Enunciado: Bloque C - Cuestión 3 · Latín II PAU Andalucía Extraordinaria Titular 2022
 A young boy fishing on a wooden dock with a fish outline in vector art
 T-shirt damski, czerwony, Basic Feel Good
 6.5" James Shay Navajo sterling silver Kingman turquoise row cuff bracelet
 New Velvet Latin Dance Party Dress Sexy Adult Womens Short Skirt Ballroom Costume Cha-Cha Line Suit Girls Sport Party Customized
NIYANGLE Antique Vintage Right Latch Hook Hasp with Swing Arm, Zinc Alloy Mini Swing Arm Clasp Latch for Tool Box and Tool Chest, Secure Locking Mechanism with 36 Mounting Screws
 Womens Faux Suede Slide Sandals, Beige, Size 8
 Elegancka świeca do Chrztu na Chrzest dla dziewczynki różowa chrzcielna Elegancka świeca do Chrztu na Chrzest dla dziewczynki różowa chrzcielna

TASK REQUIREMENTS: In the entries above, the lines between the one holding "T-shirt damski, czerwony, Basic Feel Good" and the one holding "New Velvet Latin", inclusive, are to be printed exactly as written, and those alone.

WRITTEN SOLUTION:
 T-shirt damski, czerwony, Basic Feel Good
 6.5" James Shay Navajo sterling silver Kingman turquoise row cuff bracelet
 New Velvet Latin Dance Party Dress Sexy Adult Womens Short Skirt Ballroom Costume Cha-Cha Line Suit Girls Sport Party Customized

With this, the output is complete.